**Task item**
Here is the task for the records below: repeat exactly the lines from the one with "Explore Devils Island and Transfer to Kourou" to the one with "Khay trồng rau thông minh 2 đáy màu trắng", both included, and nothing else.
===== Supplied data =====
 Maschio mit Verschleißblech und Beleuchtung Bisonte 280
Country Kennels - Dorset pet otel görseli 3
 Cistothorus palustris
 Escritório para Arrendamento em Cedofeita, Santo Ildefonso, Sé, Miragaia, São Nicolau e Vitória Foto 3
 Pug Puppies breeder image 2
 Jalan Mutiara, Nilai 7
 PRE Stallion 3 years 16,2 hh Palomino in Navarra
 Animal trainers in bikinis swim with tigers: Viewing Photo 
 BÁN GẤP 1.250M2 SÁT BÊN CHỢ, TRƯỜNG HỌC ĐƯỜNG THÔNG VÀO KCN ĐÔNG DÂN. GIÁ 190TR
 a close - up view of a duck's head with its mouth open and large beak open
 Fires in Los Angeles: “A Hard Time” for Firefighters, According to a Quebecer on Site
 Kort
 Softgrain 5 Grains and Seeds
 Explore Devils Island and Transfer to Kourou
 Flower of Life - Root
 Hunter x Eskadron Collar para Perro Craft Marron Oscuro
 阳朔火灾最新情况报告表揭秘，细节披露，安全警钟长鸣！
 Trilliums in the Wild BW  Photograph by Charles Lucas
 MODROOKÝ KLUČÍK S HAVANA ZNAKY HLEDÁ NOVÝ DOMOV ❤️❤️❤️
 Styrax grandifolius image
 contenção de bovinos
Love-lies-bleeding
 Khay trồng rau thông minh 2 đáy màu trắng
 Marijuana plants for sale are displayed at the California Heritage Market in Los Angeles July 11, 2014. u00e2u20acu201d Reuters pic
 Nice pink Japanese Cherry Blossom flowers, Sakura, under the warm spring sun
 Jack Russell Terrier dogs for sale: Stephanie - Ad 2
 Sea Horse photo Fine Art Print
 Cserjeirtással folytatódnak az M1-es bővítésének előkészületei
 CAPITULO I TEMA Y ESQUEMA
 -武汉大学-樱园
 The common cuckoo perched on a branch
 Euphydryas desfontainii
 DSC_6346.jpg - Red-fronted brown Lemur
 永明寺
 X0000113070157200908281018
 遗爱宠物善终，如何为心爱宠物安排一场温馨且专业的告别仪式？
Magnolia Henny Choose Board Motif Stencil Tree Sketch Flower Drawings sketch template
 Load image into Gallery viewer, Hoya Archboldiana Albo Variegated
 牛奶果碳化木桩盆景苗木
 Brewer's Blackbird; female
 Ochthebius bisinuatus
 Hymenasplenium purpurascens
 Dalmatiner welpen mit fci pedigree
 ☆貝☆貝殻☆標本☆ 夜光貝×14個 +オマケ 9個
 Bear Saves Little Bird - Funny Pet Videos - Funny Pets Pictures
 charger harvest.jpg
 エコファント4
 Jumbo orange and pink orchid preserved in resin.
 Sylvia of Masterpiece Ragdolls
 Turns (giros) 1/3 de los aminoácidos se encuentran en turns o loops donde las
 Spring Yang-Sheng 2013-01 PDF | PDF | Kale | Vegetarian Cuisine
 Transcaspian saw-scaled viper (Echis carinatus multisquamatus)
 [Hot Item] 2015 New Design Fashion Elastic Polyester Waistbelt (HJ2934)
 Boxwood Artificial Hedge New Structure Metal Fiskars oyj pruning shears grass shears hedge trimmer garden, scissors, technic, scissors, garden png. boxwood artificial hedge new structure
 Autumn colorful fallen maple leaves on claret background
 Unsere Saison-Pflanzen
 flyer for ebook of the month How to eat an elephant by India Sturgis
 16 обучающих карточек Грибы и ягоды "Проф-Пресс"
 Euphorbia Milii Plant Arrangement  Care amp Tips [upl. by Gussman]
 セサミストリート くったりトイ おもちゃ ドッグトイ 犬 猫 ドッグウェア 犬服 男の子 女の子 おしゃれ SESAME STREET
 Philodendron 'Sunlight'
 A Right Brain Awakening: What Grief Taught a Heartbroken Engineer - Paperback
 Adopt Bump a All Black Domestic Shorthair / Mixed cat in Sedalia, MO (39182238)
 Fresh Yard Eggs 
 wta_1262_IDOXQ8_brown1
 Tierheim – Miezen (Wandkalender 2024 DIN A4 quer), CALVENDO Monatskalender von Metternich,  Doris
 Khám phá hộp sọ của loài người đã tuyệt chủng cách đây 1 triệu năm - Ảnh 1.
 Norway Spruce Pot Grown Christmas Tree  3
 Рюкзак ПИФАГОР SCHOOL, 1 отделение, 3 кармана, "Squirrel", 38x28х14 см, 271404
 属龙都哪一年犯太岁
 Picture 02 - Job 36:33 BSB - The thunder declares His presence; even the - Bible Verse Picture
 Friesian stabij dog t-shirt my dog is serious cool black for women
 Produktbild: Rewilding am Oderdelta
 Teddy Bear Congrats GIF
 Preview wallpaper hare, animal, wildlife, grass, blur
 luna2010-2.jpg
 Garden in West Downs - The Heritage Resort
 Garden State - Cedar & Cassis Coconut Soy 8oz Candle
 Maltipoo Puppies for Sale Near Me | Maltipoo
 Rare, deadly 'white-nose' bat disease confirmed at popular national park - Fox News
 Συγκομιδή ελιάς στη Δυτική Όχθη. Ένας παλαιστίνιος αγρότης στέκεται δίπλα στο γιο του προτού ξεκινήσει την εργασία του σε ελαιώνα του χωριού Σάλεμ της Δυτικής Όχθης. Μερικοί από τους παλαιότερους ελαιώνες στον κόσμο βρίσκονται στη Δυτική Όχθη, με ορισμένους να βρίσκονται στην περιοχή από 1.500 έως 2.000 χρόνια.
=====
**Your solution**
 Explore Devils Island and Transfer to Kourou
 Flower of Life - Root
 Hunter x Eskadron Collar para Perro Craft Marron Oscuro
 阳朔火灾最新情况报告表揭秘，细节披露，安全警钟长鸣！
 Trilliums in the Wild BW  Photograph by Charles Lucas
 MODROOKÝ KLUČÍK S HAVANA ZNAKY HLEDÁ NOVÝ DOMOV ❤️❤️❤️
 Styrax grandifolius image
 contenção de bovinos
Love-lies-bleeding
 Khay trồng rau thông minh 2 đáy màu trắng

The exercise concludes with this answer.